Shelton Group, known for its 2011 “Wasting Water Is Weird” campaign, has set its sights on helping consumers understand and improve energy efficiency in the home through a series of campaigns, partnerships and interactive tools. We spoke with CEO Suzanne Shelton about their impacts to date, the “holy grail” of consumer engagement, and the missing ingredient for doing it effectively.
Tell us about your "Do 5 Things" (aka Fiveworx) platform — when and how was it developed? How is it different from other tools for engaging people in energy efficiency?

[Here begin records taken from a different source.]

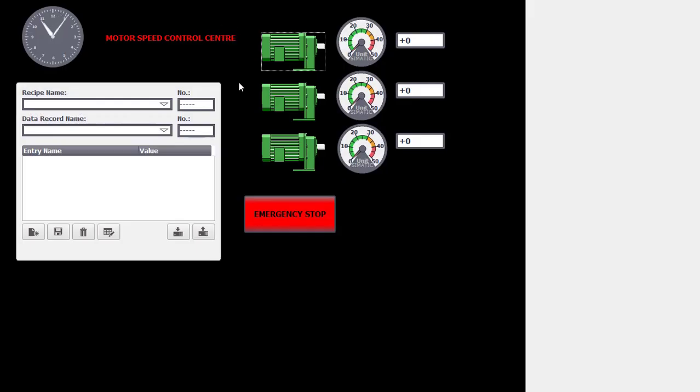Hello all. Today we can discuss about how to control the motor speed individually through WinCC recipe control.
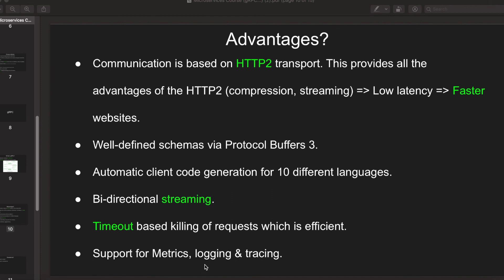Then comes tracing. It has inbuilt support for tracing, so tracing helps us know the overall flow of execution of a program.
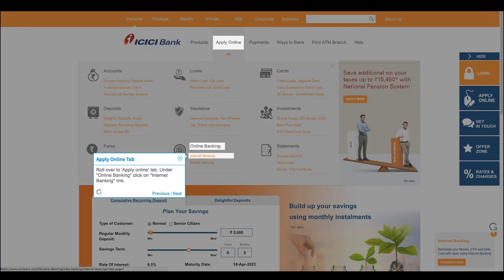Roll over to Apply Online tab. Under Online Banking, click on Internet Banking link.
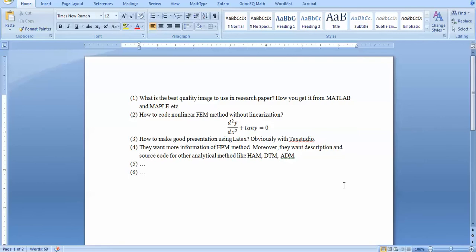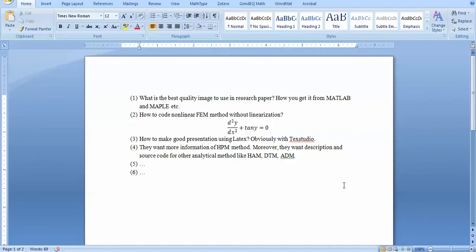Some viewers want solutions for differential equations without linearization — for example, equations containing tangent of y that can't be linearized directly. Some are asking about LaTeX presentation, and others are asking about the HPM method. I've discussed some differential equation methods before; there are also Adomian decomposition methods and several others. I'll discuss these one by one in upcoming videos. Now let me quickly come back to the first question: what kind of image format can you use for a research paper?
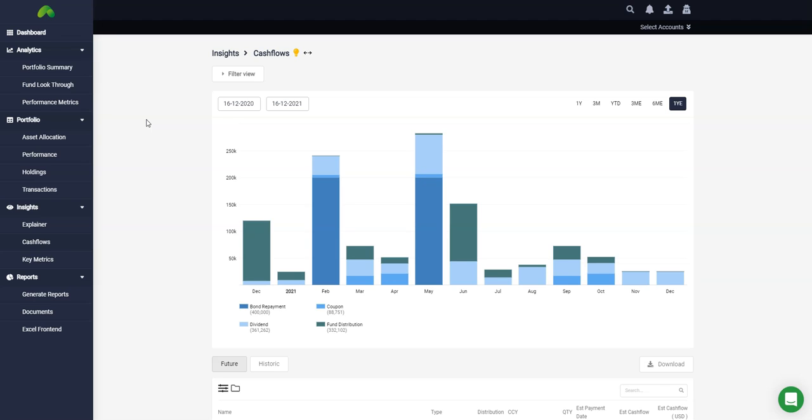The cash flow tab enables you to view both historic cash flows but also projected cash flows. The visual here shows cash flows color-coded by type and on a one-year forward outlook.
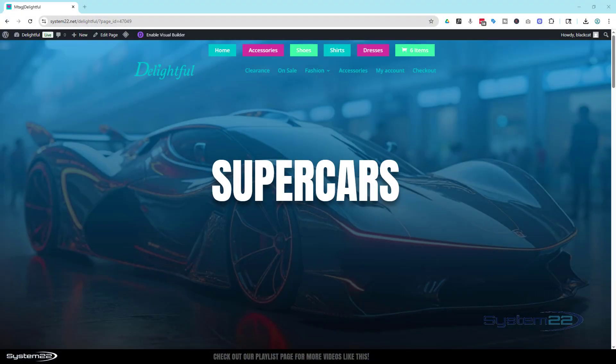Hi guys, welcome to another Divi theme video. This is Jamie from System 22 and we're at designandtechtips.com. We've got a fun one for you today — something we did for a client last week that I thought I'd share. It's just a bit of fun. I've got a full-width section here just with a title on it.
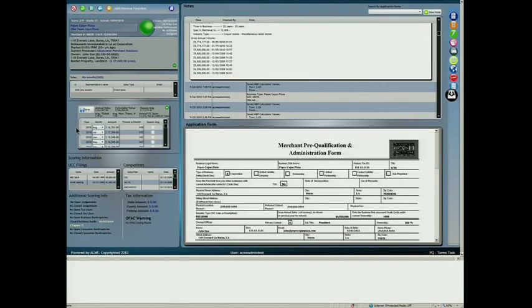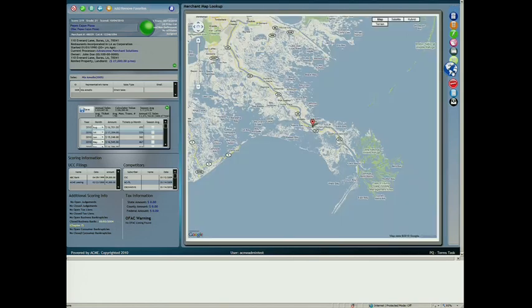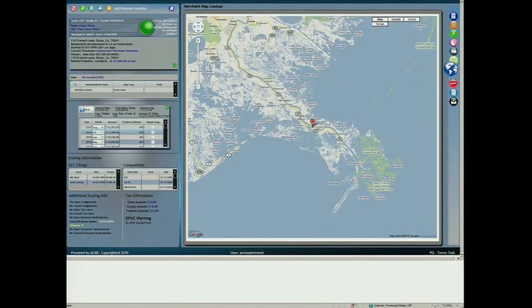Looking at daily card processing history allows us to generate a gross revenue projection based on SIC code, geography, seasonality, and actual daily cash flows.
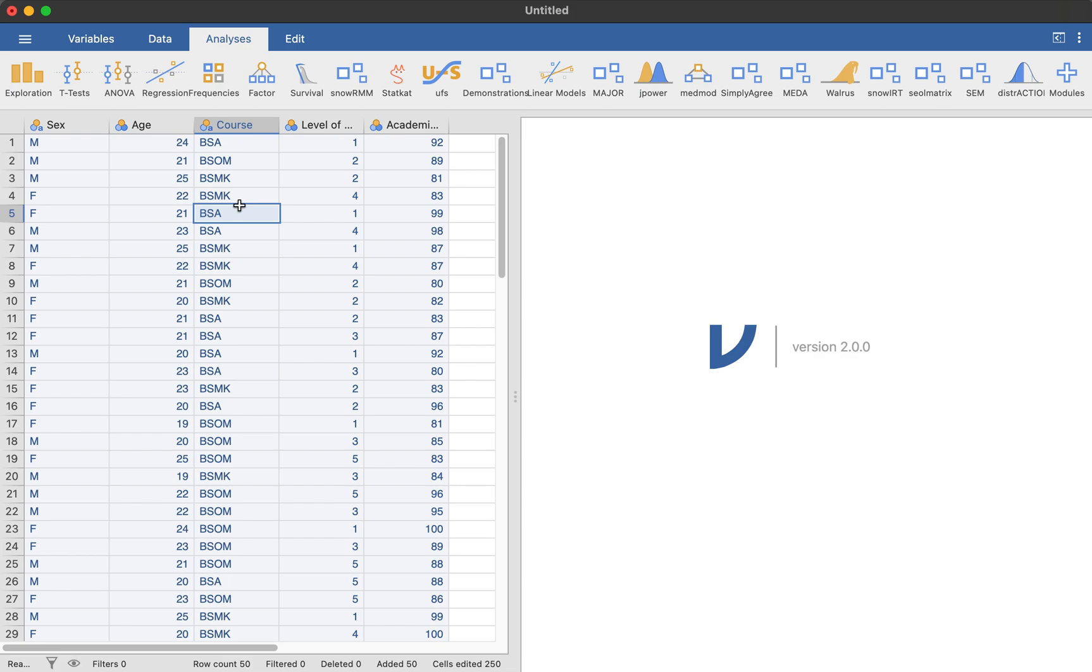So again, what our main goal is to present this via descriptive statistics. And firstly, I also forgot to present it via demographics.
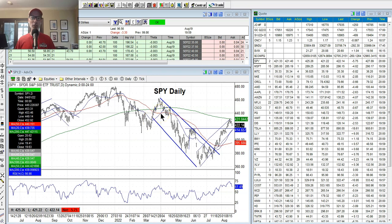Hey everyone, Lee Lowell here, smartoptionssell.com. Welcome back to another edition of our Saturday Synopsis. Today is Saturday, August 20th, 2022.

We came up with the idea for Do 5 Things three years ago because of the trends we were seeing both in the utility industry and American consumers. Utilities in 28 states are required to achieve 1–2 percent energy savings through efficiency rebate programs. But some of their programs are stagnating. Based on our ongoing polling of American consumers:
- 49 percent think their homes are already energy-efficient.
- 50 percent claim to have done 1–3 things to make their homes more efficient ... and 63 percent of those people report that their utility bills have gone up, not down.
- Only 29 percent of the people who could take advantage of utility rebates for energy-efficiency improvements (a key metric for utilities) have done so, and the vast majority of those people have only taken advantage of one. That’s a problem because utilities use the number of rebates redeemed to measure whether or not they hit their state mandated goals for consumption reduction.
Our data also show that customers who complete five or more energy-efficiency improvements report that their bills have gone down; they are far more likely to complete additional activities, adopt energy-efficient behaviors and encourage others to do so; and they are much more satisfied with their utility.
Do 5 Things is different because it uses consumer segmentation profiles and behavior change principles to communicate with users on a highly differentiated and personalized level, tapping into their deeper emotional drivers to motivate them to make more energy-efficient improvements and change behaviors. And it actually cross-markets a variety of programs on an ongoing basis and continues to engage/nudge participants to stay on the path and do the next thing and the next thing. That may sound obvious, but the utility industry has not been doing any of that.
We expect such big things from this tool that we’ve created a new company to continue building/enhancing the platform and managing the ongoing deployment. That new company is called Fiveworx.
Where and how has the platform been used? What have the results been?
We’re about five months into a two-year pilot with Consumers Energy in Michigan, and our second pilot launches with another Midwestern utility next month. The early engagement results with the Consumers Energy pilot are very encouraging:
- The initial email we send to invite participants into the program gets a 38.4 percent open rate and a 5 percent click-through rate. That’s compared to utility industry norms or a 15 percent open rate and 2.1 percent click-through rate.
- We’re converting 7 percent of the people who open the email into participants — meaning they go all the way through our survey and get their recommended list of 5 Things.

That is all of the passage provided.